Why is sleep important?
Sleep is a fundamental time for physiological function and healing. It is the only time the body has to repair and reset. During the day the body is too preoccupied on digestion, brain function and muscular movement to prioritise repair and protect mechanisms that are essential to stay healthy. When asleep these adaptations can take place. Sleep is necessary to improve mental function, alertness, memory, hormonal regulation, muscular strength and even adaptation to training. All this is why good quality sleep is key to sustainable health and performance (physical and mental).
In order to get the most from our sleep periods, we should aim to get around 7-8 hours per night. Athletes, however, are usually poor sleepers due to early training sessions or too much exercise that reduces sleep quality. This makes nap time just as important as a training session, especially if sleep has been compromised in one way or another. The perfect nap time is around 30 minutes, as the body does not go into a deep sleep that may leave you feeling lathargic for the rest of the day.
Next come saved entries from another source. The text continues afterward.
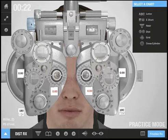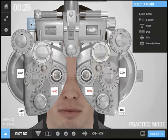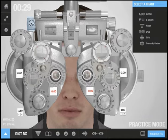Here I can adjust the PD. I know the patient's PD is 61 millimeters, so I will adjust it to that.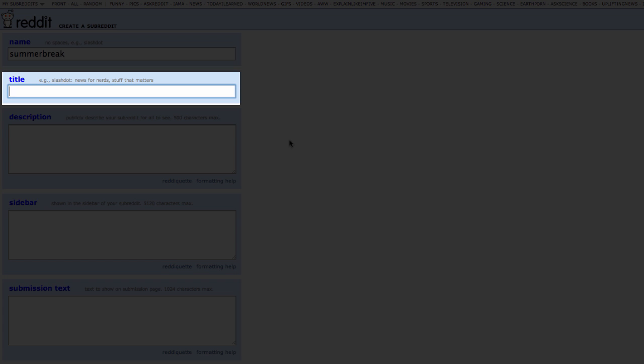Title: The friendly name of your subreddit, such as Summer Break Links.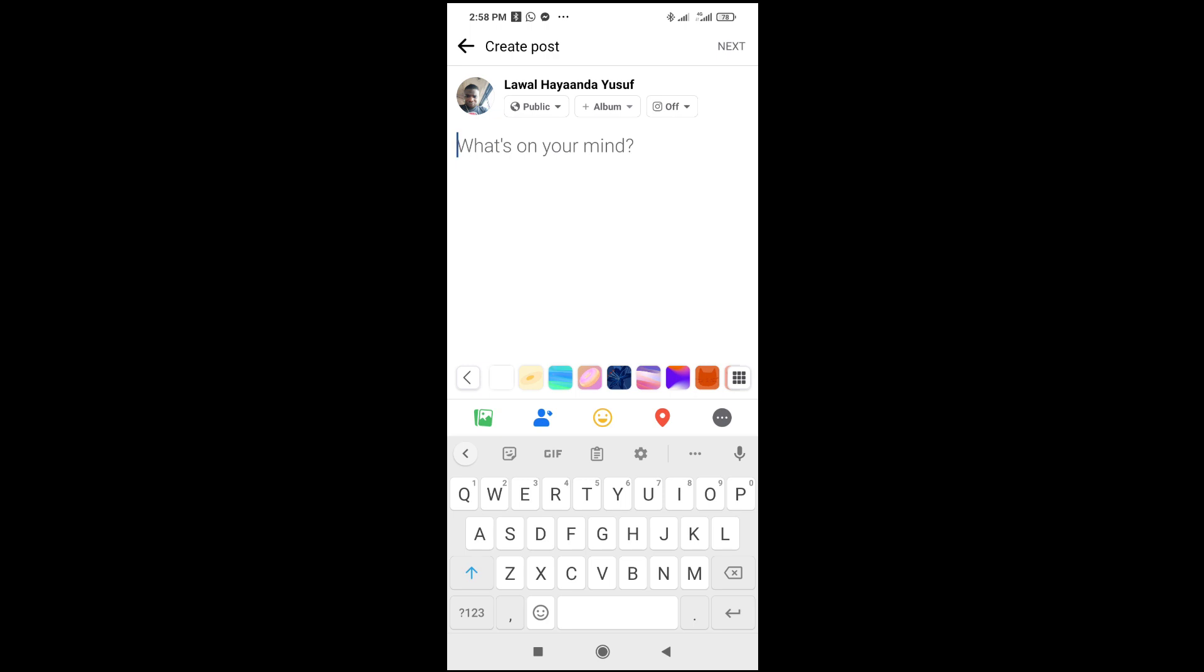this video helped. Please give it a thumbs up and don't forget to subscribe to our YouTube channel. See you in the next video.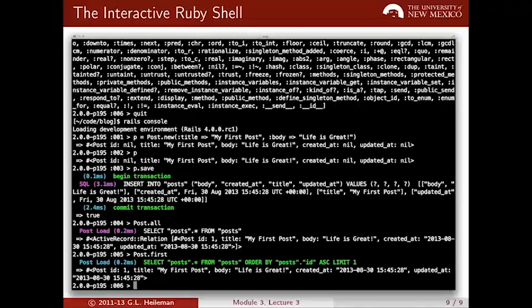At this point, I'd like you to experiment with your Rails application through the command line. Create some additional posts, create some comments, connect them to these posts, and then retrieve them from the database using some of the commands I've already shown you.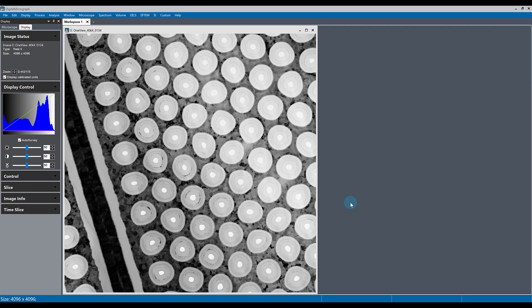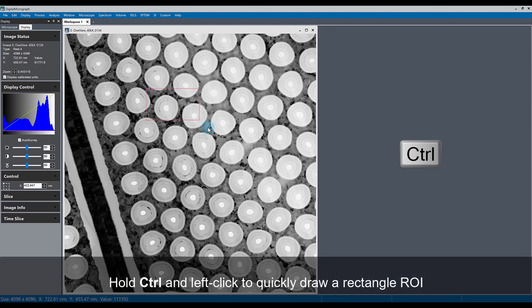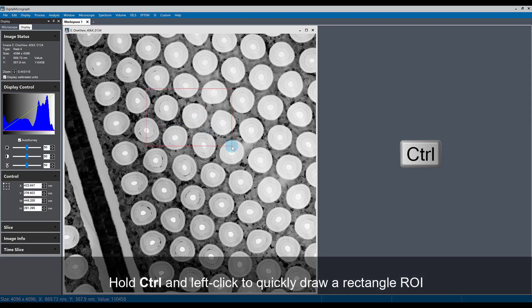Regardless of the kind of image you're working with in digital micrograph, the fastest way to draw an ROI is by holding the control key and then left-clicking and dragging across the image to create a rectangle ROI.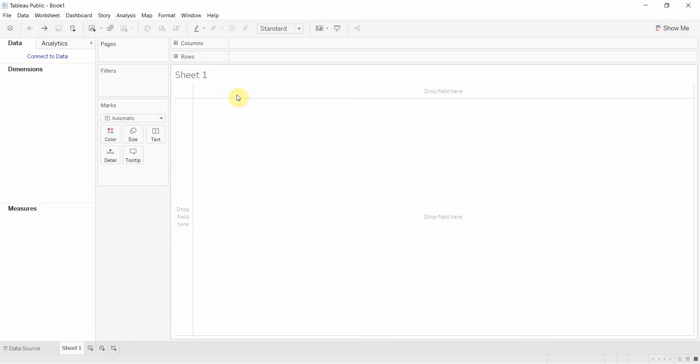Hi folks and welcome to another episode of Tableau in two minutes. Today we're going to be demonstrating how to create an animated time series graph.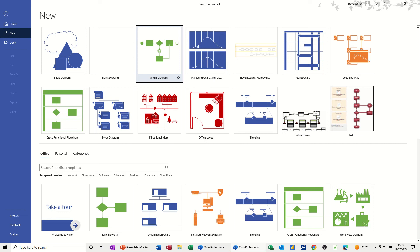Hi guys, welcome to this session in Microsoft Visio. In this module, I'm going to have a look at some business process diagrams. The ones I'm going to focus on for this session are BPMN diagrams, business process management and notation diagrams.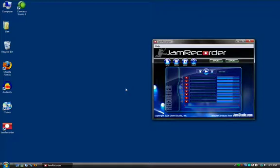Hello, my name is Jumper and in this tutorial I'll quickly show you how to check your computer's audio settings in Windows Vista in order to use JamStudio.com's Jam Recorder. Jam Recorder uses the default Windows audio settings, but in case you need to change them, here's how.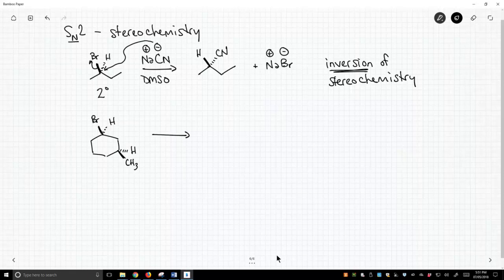So here we have a cyclohexane, and we have the bromide methyl group, and these are cis with respect to the ring. They're both on the same side of the ring. They're both on the top.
Here are my top tips to help improve your sleep quality and duration:
Top 10 ways to optimise sleep naturally:
1. Don't go to bed hungry
Going to bed hungry is not only unsettling because of the sound your stomach makes or hunger pains but your body is consequently metabolically and mentally active. Caloric restriction has shown to cause sleep disruptions and a reduction in deep sleep. This alertness keeps your mind active making it difficult to fall asleep.
2. Drink tart cherry juice
Tart cherry juice (TCJ) has shown to improve sleep due to increased exogenous melatonin. Melatonin is a hormone that the body produces in respone to darkness to initiate sleep. As an exogenous source, TJC aids in preparing the body to sleep naturally, which is especially useful when melatonin production is disrupted or low.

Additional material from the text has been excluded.